According to him, it was regrettable and painful that industrial action is the only language successive governments since 1980 understood to meet public demands in virtually all sectors.

“Comrades and compatriots, as we have always argued, the last thing ASUU members love doing is to cause disruption in the smooth intellectual engagements with colleagues, friends and students right on our university campuses.

“ASUU is strongly convinced that if academics fail to fight the cause of university education, the fate that befell public primary and secondary schools would soon become the lot of the public university system in Nigeria.

“ASUU’s advocacy on the need to stem the continued slide into rot and decay in public universities since the 1980s has fallen on deaf ears.

“Our experience, as a trade union, shows that successive governments in Nigeria always entered into negotiated agreements only to placate those pleading the cause.

“This proclivity of the Nigerian ruling class, irrespective of which wing of the insensitive stock they belong, must continually be tracked, engaged and resisted by all people of goodwill.’’

 Chairman ASUU, University of Ibadan, Dr Deji Omole, aligned with Ogunyemi, when he addressed ASUU congress of the university.

Omole said the association would not allow the ruling elite to destroy the heritage of the poor which is qualitative public university education.

He said that the strike was borne out of genuine and patriotic commitment to ensure a better future for children of the masses and by extension, Nigeria.

He dismissed the allegation being bandied by the government that the strike was political.

“How can our strike be political when there are matters that you as government signed and you failed to fulfill your promises?’’

ASUU, during the three-month strike, rejected the membership of Mr Wale Babalakin, as leader of the federal government negotiation team.

Omole, who spoke on the issue, said that Babalakin was rejected by the union because he was an interested party, as he is pursuing a private university license and will do everything to jeopardise public education funding.

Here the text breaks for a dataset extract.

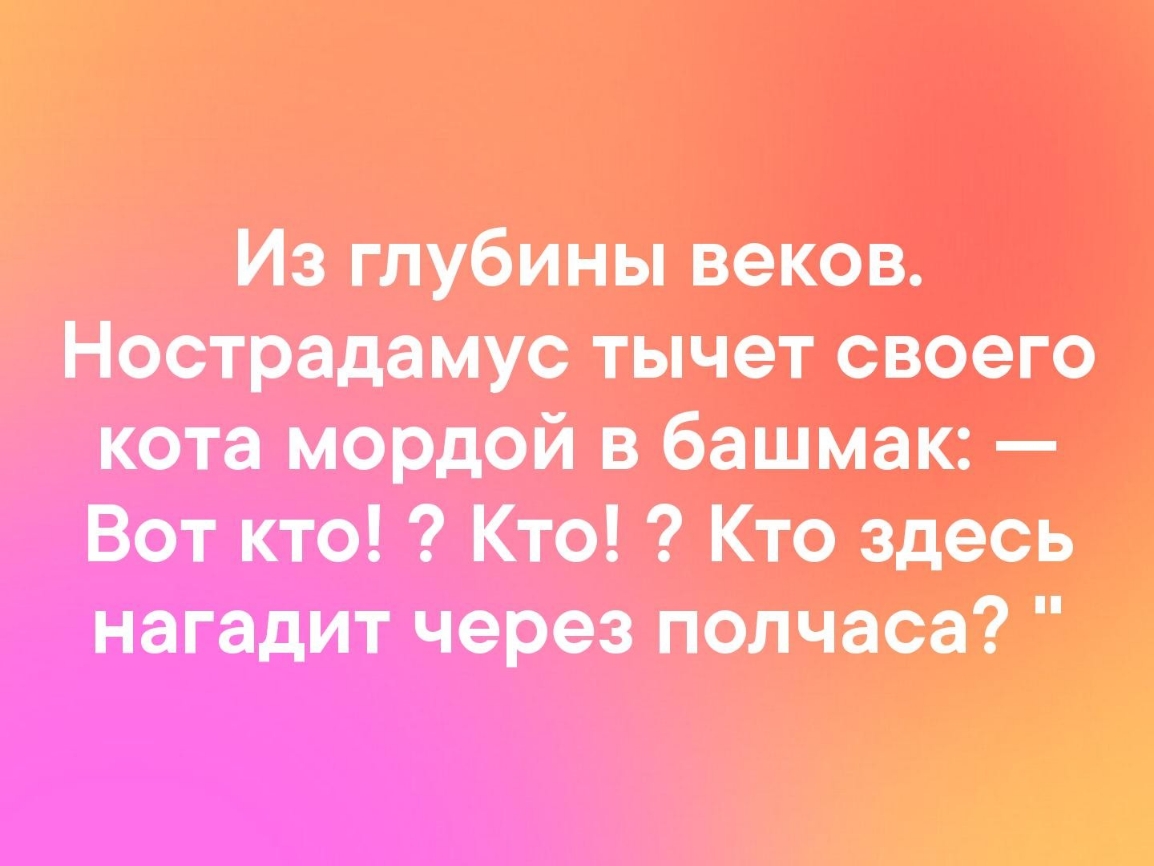 Из глубины веков Нострадамус тычет своего кота мордой в башмак Вот кто Кто Кто здесь нагадит через полчаса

Omole noted that a situation whereby two members in the federal government team are pursuing their private university licenses indicates that they will never support public funding of universities.

Babalakin, however, responded to some of the allegations levelled against the federal government’s negotiation team.

He said that Nigerians deserved quality education, which must not be compromised as a result of inadequate funding, which has been the situation in the last 30 years.

Babalakin debunked allegations that his team suggested a fee hike in universities, explaining that the committee’s scope of work had nothing to do with fees payable in schools.

He said that his team believed that no Nigerian should be deprived of university education because of his/her financial circumstance.

He stressed that his team and ASUU were in agreement on the need for improved education funding but differed on where the funding should come from.

He explained that while ASUU wanted the government to fund education alone, his team believed funding should come from multiple sources, such as the government, private sector, education bank, students’ loan scheme and scholarships, among others.

In spite of protestation by ASUU about promoters of private universities being members of federal government negotiation team, Chief Afe Babalola, founder of Afe Babalola University, backed the suspended strike.

Babalola said that the federal government has consistently underfunded the education sector with meagre allocation of seven per cent of the national budget.

He spoke at a ceremony to mark the 9th anniversary of Afe Babalola University.

According to him, it is worrisome that the government could earmark seven per cent budgetary allocation to fund education, when the United Nations Educational, Scientific and Cultural Organisation (UNESCO) recommended 26 per cent.

“I have been pro-chancellor and chairman of council, University of Lagos, and I knew that the universities lack facilities and equipment to be of high standard.

“In our universities, students are not resident in schools, some stayed outside the lecture theatres to receive lectures.

“Some even use forest as toilets, lecturers are not paid as and when due, all these are intolerable.

“The federal government must look for funds to make our universities be of high standard,’’ Babalola said.

He said that ASUU was right to embark on the three months suspended strike.

“ASUU’s case is strong this time, and I support them in spite of the fact that I have been criticising them in the recent past, but I stand with them this time.

“ASUU alleged that over 70 per cent of the projects in our universities are uncompleted for lack of funds and corruption, this is wrong.

“In Afe Babalola University, we complete our projects in time. We built our planetarium within six months. Some federal universities started theirs 10 years ago and they have not completed it,’’ he lamented.

Analysts and commentators say that Ogunyemi was right that if care was not taken, public universities could collapse like government secondary and primary schools.

They listed prominent public secondary schools of yester-years like Government College Umuahia, Hope Waddel Secondary School, Calabar, Methodist College, Uzuakoli, Government College, Ibadan, Ibadan Grammar School and Barewa College, Zaria, just to mention a few that have gone the same way.

They queried, how many of the prominent Nigerians that attended these schools would want their children to study in their alma mater.

They say that the same thing is now happening with public universities. Many prominent and wealthy Nigerians, now prefer to send their children to private universities or abroad, where date of graduation is sacrosanct.

They convinced that irrespective of the pains, Nigerians must align with ASUU to secure the future of a large chunk of Nigerian children, whose parents lack the capacity for a mercantile university education.